### Required work
Copy nothing but the lines from the opening of the entries through the line that contains "Seiko 5 Sports", exactly as written. Drop the pictures.

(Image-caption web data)

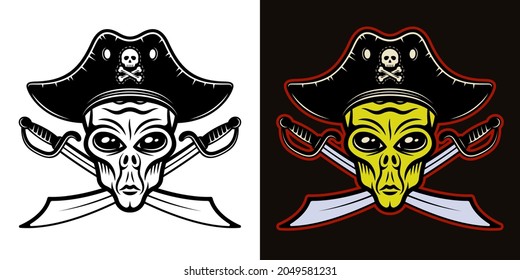 Alien head in pirate hat and two crossed swords vector illustration in two styles black on white and colorful on dark background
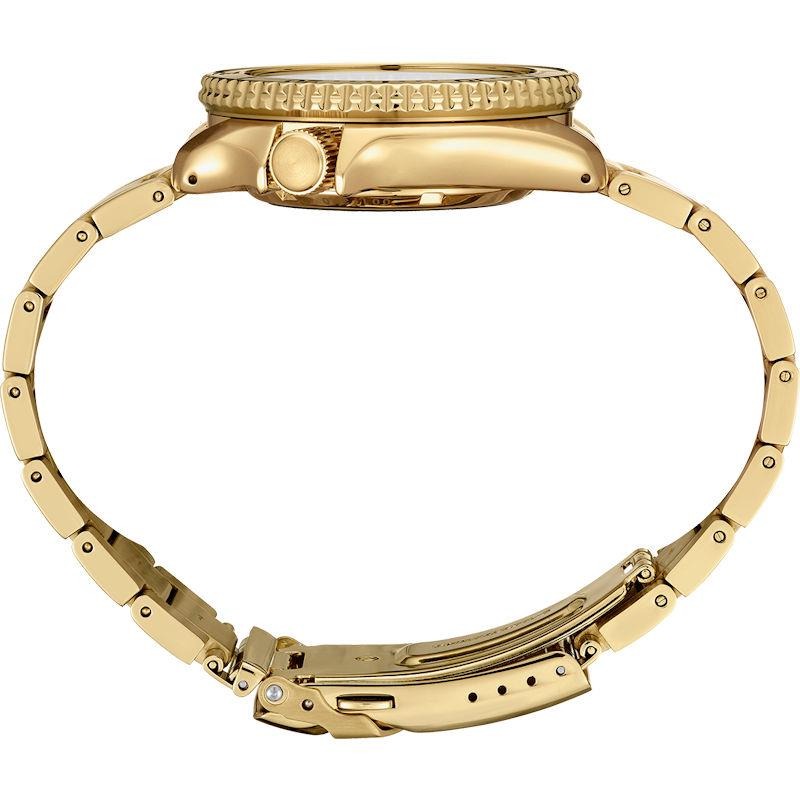 Seiko 5 Sports HUF Limited Edition Green Dial Gold Steel Strap Watch For Men - SRPJ20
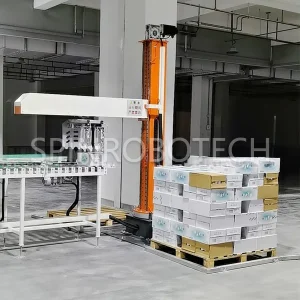 Customized Integrated Gripper Palletizer for 10kg Boxes of Mineral Water, Single Column Rotating Palletizing Machine, Dual‑lane Palletizing Cell with Two Pallet Stations, can be CE certificated. SPIN’s Column rotating palletizer: Dual-station, continuous operation, no speed loss.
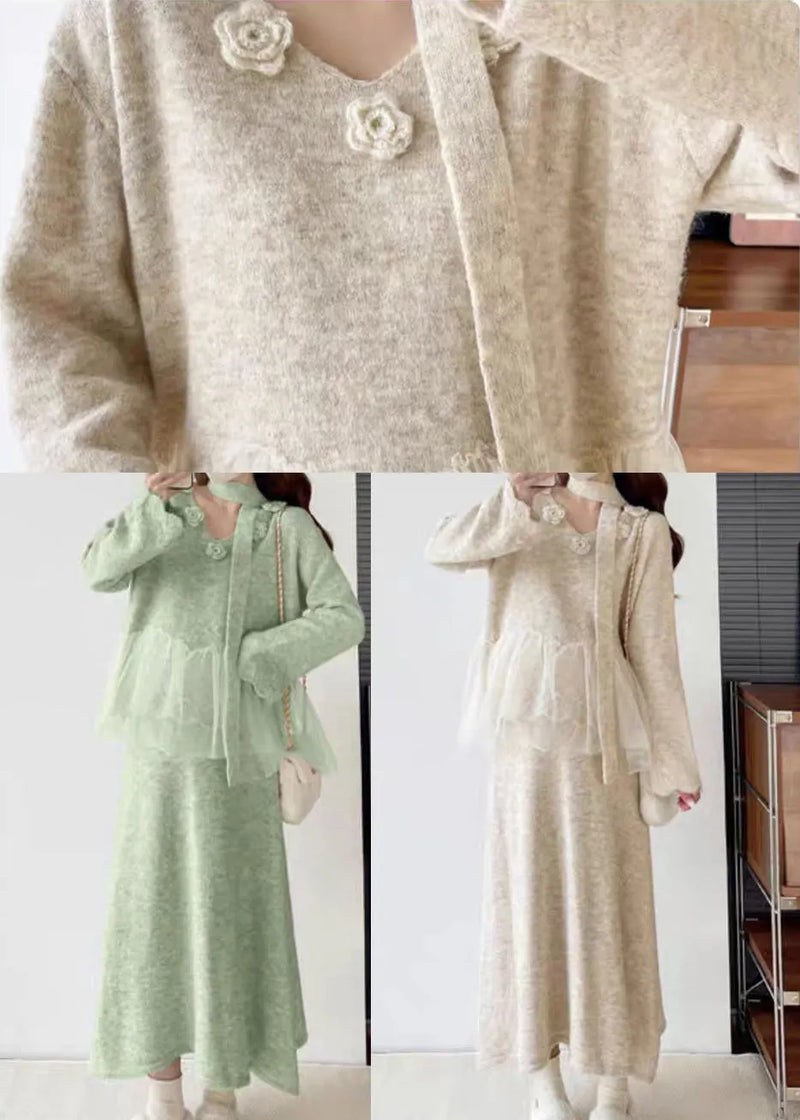 Blue Patchwork Knit Two Pieces Set Oversized Decorated Winter
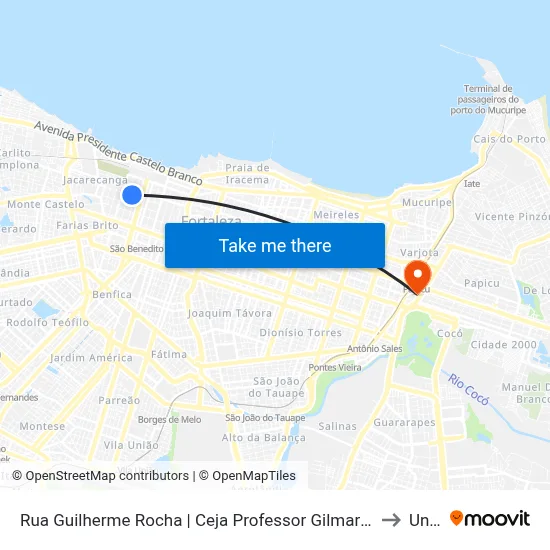 Rua Guilherme Rocha | Ceja Professor Gilmar Maia De Sousa - Centro to Uninta map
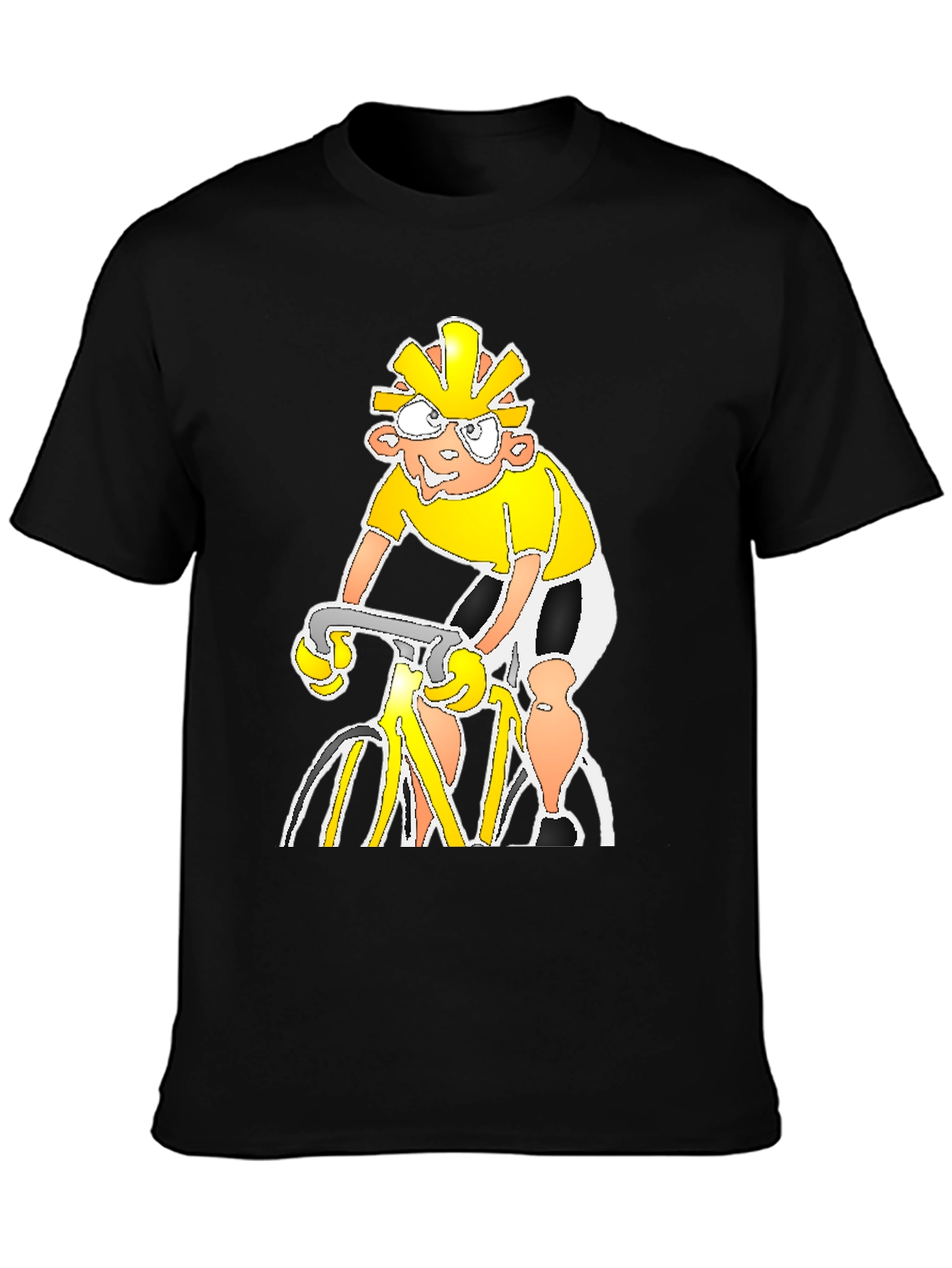 Cartoon Cyclist Black T-Shirt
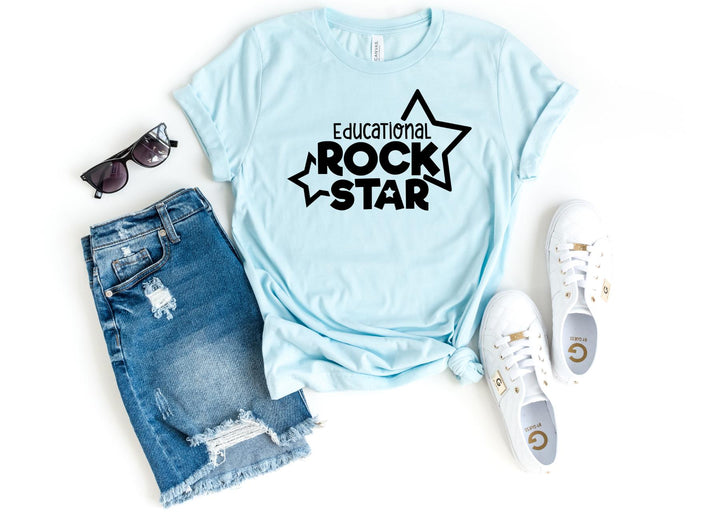 Shirts & Tops-Educational RockStar ★ T-Shirt-S-Heather Ice Blue-Jack N Roy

### Answer for this exercise
 Alien head in pirate hat and two crossed swords vector illustration in two styles black on white and colorful on dark background
 Seiko 5 Sports HUF Limited Edition Green Dial Gold Steel Strap Watch For Men - SRPJ20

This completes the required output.